For much of the Expo’s history, combat sports such as K-1 style kickboxing or Mixed Martial Arts (MMA), have also dazzled and entertained fans. Strikeforce staged an event, headlined by a light heavyweight championship bout between “Feijao” Cavalcante and Dan Henderson, at Nationwide Arena during the weekend of the expo in 2011, and WEC held its 47th event there one year earlier.
But that tradition came to an abrupt end just last week, when K-1, under new ownership, pulled out from the expo at the last minute, stunning the Ohio Athletic Commission, the expo’s promoters and the combat sports community.

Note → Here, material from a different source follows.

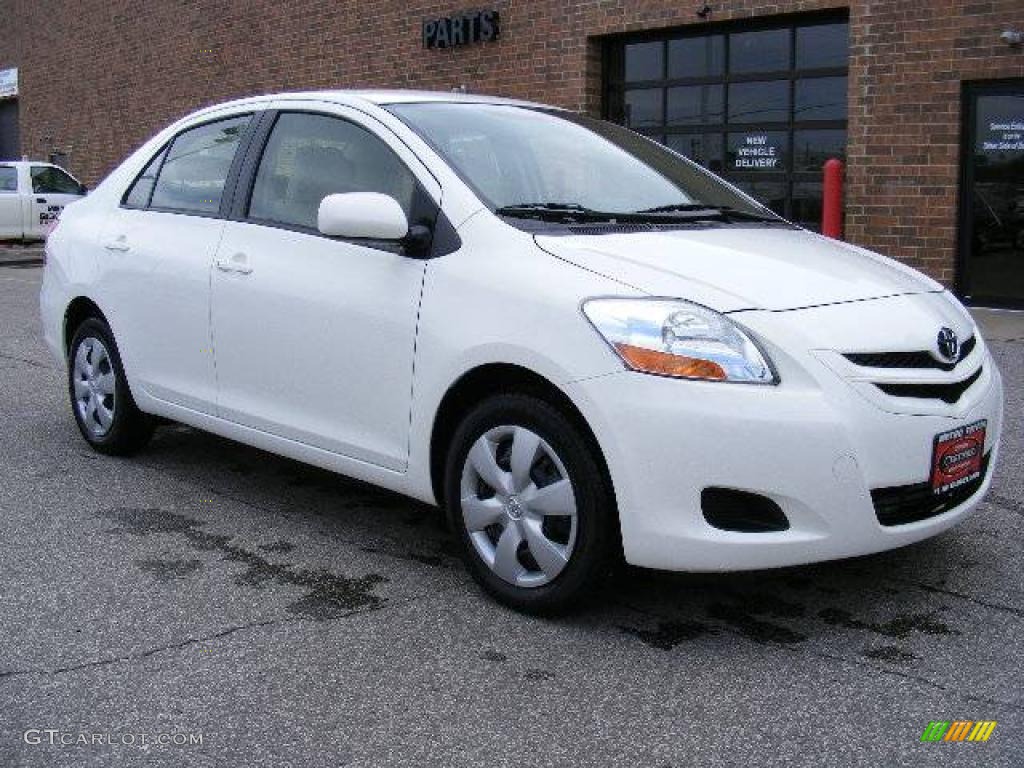 2008 Yaris Sedan - Polar White / Bisque photo #1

“K-1 is done, outta here, over in this country,” said Russ Trapani, a former employee of the original K-1 North America, and the hired promoter of record who was responsible for securing a date for a K-1 live event during the expo weekend this year. “They will never rear their head in this country again.”

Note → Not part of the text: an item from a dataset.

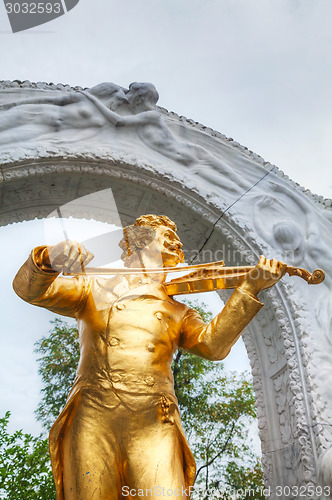 Image of Johann Strauss statue at Stadtpark in Vienna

K-1 pulled out of the show a little more than a week ago. It would have been impossible for expo promoters to scramble to get another live event into the expo at that late stage in the game. The bizarre end comes after Trapani said he had worked tirelessly for months to promote the event and build relationships between K-1, Expo promoters and the Ohio Athletic Commission.

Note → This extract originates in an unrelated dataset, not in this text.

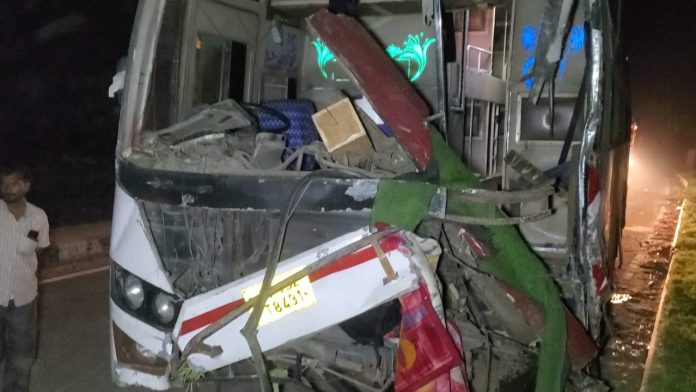 5 injured In Bus-Truck Collision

K-1 CEO Andrew Oh would not answer specific questions from Full Contact Fighter, but provided this statement:
“The reasons for K-1 to cancel the event were that there were too many small details that K-1 has not had proper time to prepare for,” Oh said. “If we didn’t address the many challenges of the event, it would have been a disaster and done damage and reputation to the fighters. We take the fighters’ reputations very seriously.”
Bernie Profato, president of Ohio Athletic Commission, however, said K-1 pulled out because they didn’t have the money to follow through with the event.
“They pulled out because of finances,” Profato said. ” They didn’t have the finances set up from the K-1 backers. They got in here and realized they didn’t have the money to cover the expenses for the rooms and I guess the travel and stuff.”
Profato said Trapani did his part, but it was K-1 who pulled the plug at the last minute.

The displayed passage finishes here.